Rossy and Rose Artisan

Rossy (second from the left in the front row) with her then-boyfriend and current husband Ross (back row) and the women who make the handbags for Rose Artisan (far left, middle, second from the right and far right in the front row). (Courtesy/Sarah Hubbel).

It was in a tiny, sweltering room with dirt floors that I first encountered a sight perhaps more wondrous than the views of Lake Atitlan behind me — the intricate weavings of an indigenous woman in Panajachel, Guatemala. I watched transfixed as she rhythmically gathered threads from the loom while explaining the centuries-old process involved in creating these masterpieces, which often took months to complete.

A few years later, these same patterns reappeared before me, now carefully attached to a sturdy leather frame to form stunning handbags. These handbags that filled the room of a friend’s home were inventory being sold to a global consumer base through a small business founded by Rossy, an international student from Guatemala.

In 2018, Rossy founded Rose Artisan, an LLC that sells handbags, artfully crafted by skilled indigenous weavers from the small town of San Juan, Guatemala. The mission of Rose Artisan is to empower these indigenous women financially by providing a marketplace to which they would otherwise have little access due to a lack of economic resources. And this is how Rossy spends her free time. She also works full-time for a child welfare non-profit organization as a quality assurance manager, keeping her employers informed about current state and federal policies to ensure that vulnerable populations, like unaccompanied children seeking asylum in the U.S., are adequately and legally supported.

It has been only a decade since a teenage Rossy arrived in the United States as an international exchange student. Since her arrival, in addition to founding Rose Artisan and securing a full-time job, she has earned both a Bachelor’s and Master’s degree in political science under an F-1 Visa. Even in adolescence, Rossy saw the potential opportunities that could come with remaining in the U.S., not for herself, but for her humanitarian mission to support marginalized populations, namely immigrants and indigenous peoples.

Let’s imagine, now, that Rossy was in the throes of her undergraduate education when the recent policies of the U.S. Immigration and Customs Enforcement’s Student and Exchange Visitor Program (SEVP) were sanctioned, barring international students from remaining in the country if their school transitions to full online learning. Would she have been able to continue her online education in her rural community of Guatemala, where the internet is unreliable?

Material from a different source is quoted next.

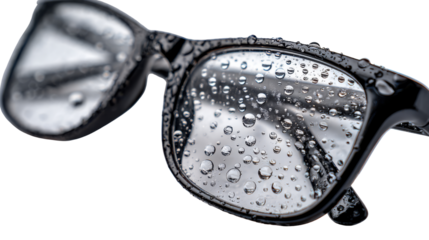 Sunglasses with Water Drops Macro on white background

Would she have been able to afford a plane ticket back to the United States in the spring when classes resumed? Would she have had a successful business that supports the talents of indigenous women? Would she have reached her position, giving a voice to the voiceless?

As a social scientist, I understand that anecdotal evidence cannot substitute a substantive argument based on facts and statistics. But if anecdotes have convinced a population that ‘foreigners’ are synonymous with dangerous, lazy, job-stealing half-humans, surely these narratives have the power to demonstrate that these same ‘foreigners’ are industrious, innovative and hard-working humanitarians.

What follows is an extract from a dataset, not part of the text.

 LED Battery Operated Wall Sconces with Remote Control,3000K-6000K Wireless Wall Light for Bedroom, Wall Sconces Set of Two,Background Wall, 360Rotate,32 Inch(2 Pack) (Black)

And if anecdotes do not paint a clear enough picture, the numbers are on my side. According to the Institute of International Education, in 2018 about 1.1 million international students in the higher education system contributed about $45 billion to the U.S. economy, supplying more than their share to post-secondary education. The pressure that SEVP’s policy places on the shoulders of international students is financially and emotionally crippling.

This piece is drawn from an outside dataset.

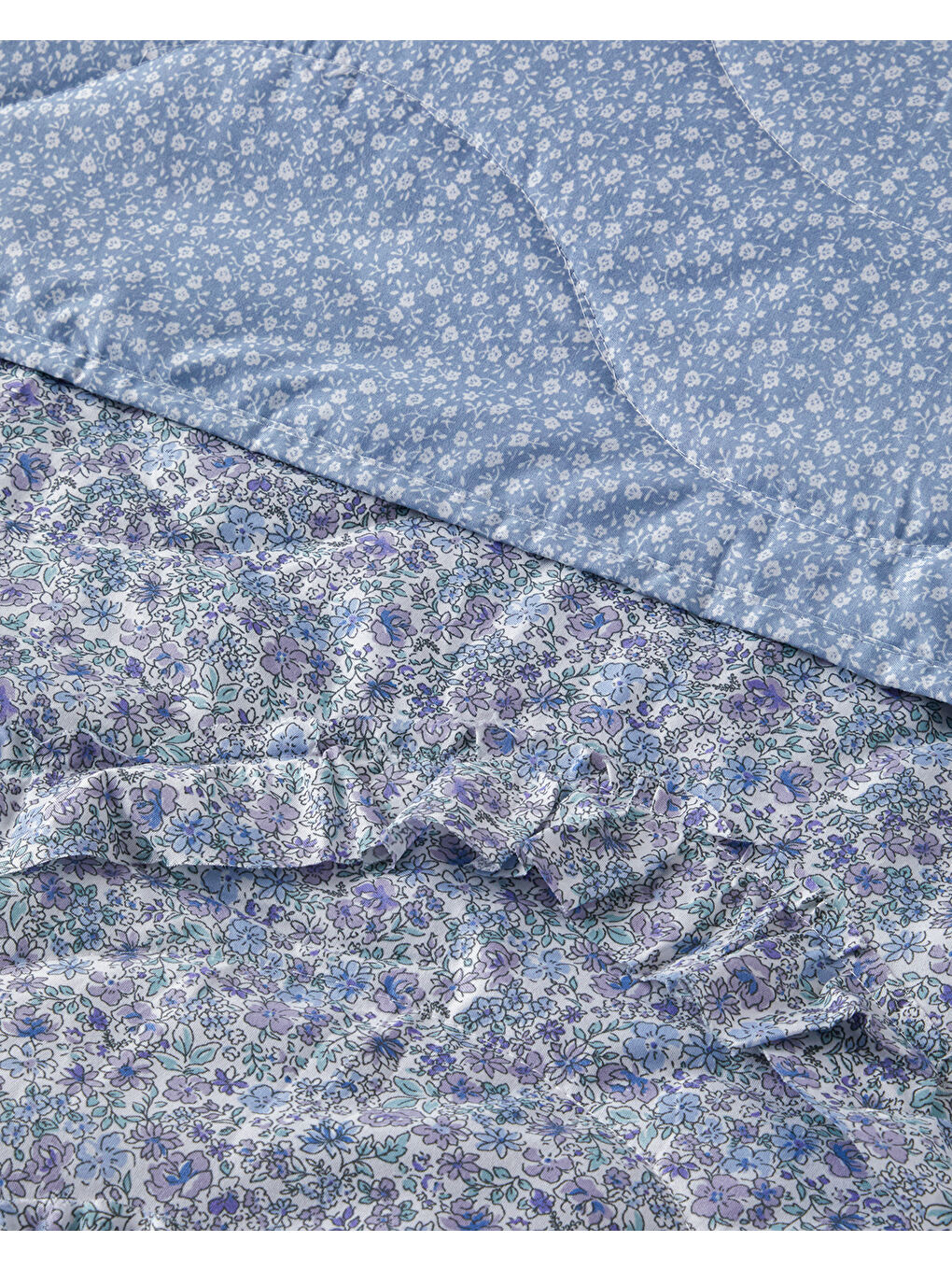 Floral Euphoria Fırfırlı Tek Kişilik Yatak Örtüsü Takımı 160x220 cm Mavi-2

Sure, some will transfer to universities offering face-to-face instruction, and, yes, others will be able to safely return home to their family and friends and learn from afar, but this is not a luxury afforded to all. These are the international students that are currently having to choose to either risk their health by resuming their education in an institution that offers face-to-face instruction (without the guarantee that their transfer application will be accepted) or make the long trek home, uncertain about their ability to return. If you would like to help stop this policy, you should sign this petition. After all, if the government is willing to make education inaccessible to international students now, what will stop them from doing it again?